Ok, things looking good. Iwas messing around with the mac, oppend up to see its gooy insides, and while I was at it installed the spare hdd i had. It worked. I initialized it via discksetup or something, and now its there. so i now have a total of about 10gb of space in the machine, which is HEAPS for what ill be using it for. it has 2 spare slots - some weird pci looking ones, and 2 video cards, so ill remove one to free up a slot. i will also upgrade the cd-rom to either a cd-rw which i have lying around, or go pick up a dvd-rom so i can install osx. it has 4 ram bays, 3 are filled with a total of 448Mb, so i can always tinker with that too.

Late,


----------



## emoxley (Jan 6, 2004)

Glad you got it to work for you.


----------



## Dave_Snow (Oct 27, 2004)

It's amazing what you can find on the road.
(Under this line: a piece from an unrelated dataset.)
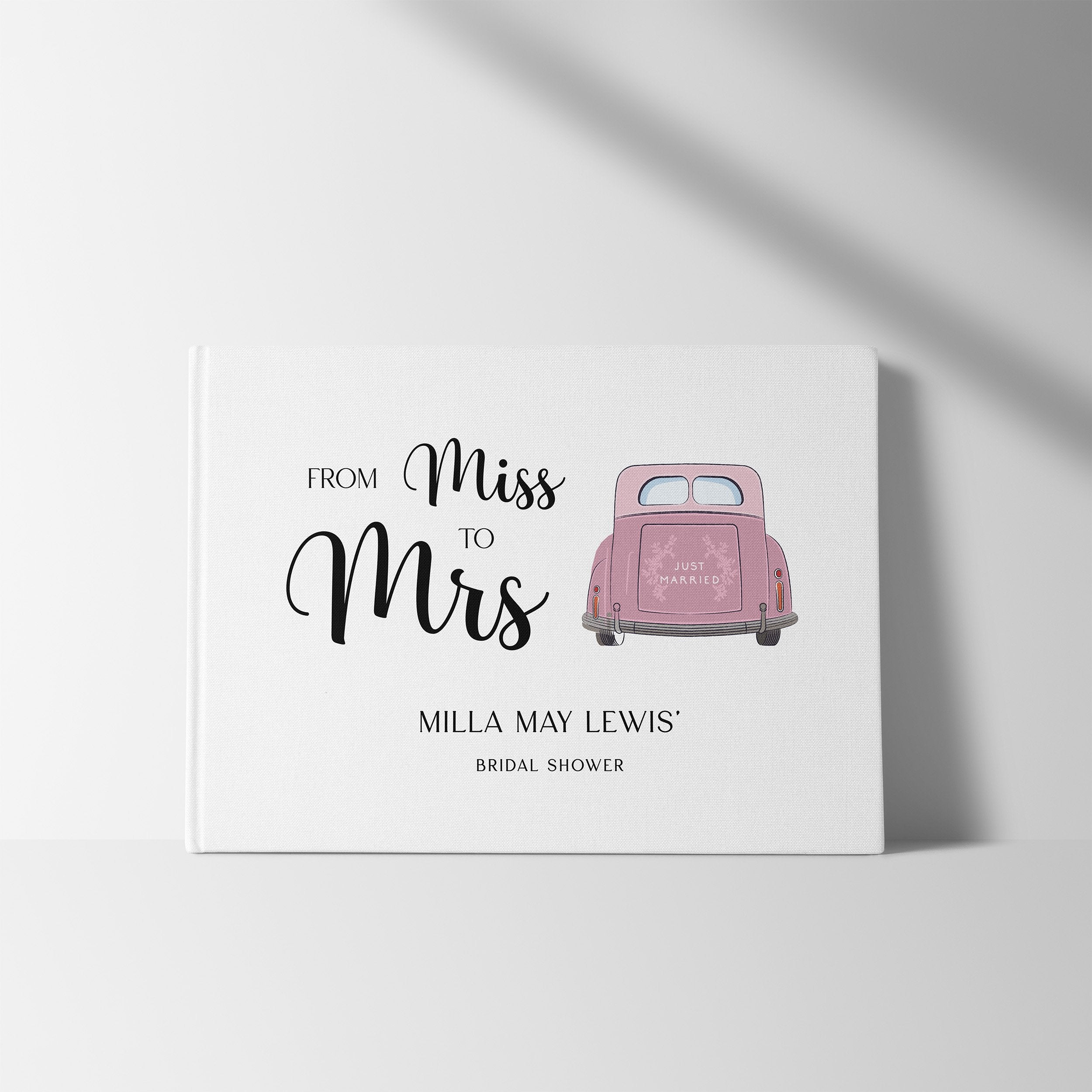Miss to Mrs | Bridal Shower Guest Book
On my paper route I found a palmpilot 3 XE on the road, cleaned it out and it works great. I love free stuff.


----------



## VegasACF (May 27, 2005)

Yeah, I got my current pair of sunglasses that way. The wife and I were out riding our bicycles and I rode past a pair of shades in the street. I stopped and went back to look at them. Turns out they were a rather expensive pair of Bausch & Lomb Ray-Ban sunglasses, and there wasn't a scratch on the lenses! 

Never found a computer, though.


----------



## Dave_Snow (Oct 27, 2004)

Sweet!


----------



## AvvY (Oct 8, 2004)

Nice score. Well, hard rubbish day is on the 27th, so I am keeping my eyes pealed for everything that is getting put out on the nature strip. I could do with an extra monitor now... Lol.

Late,


----------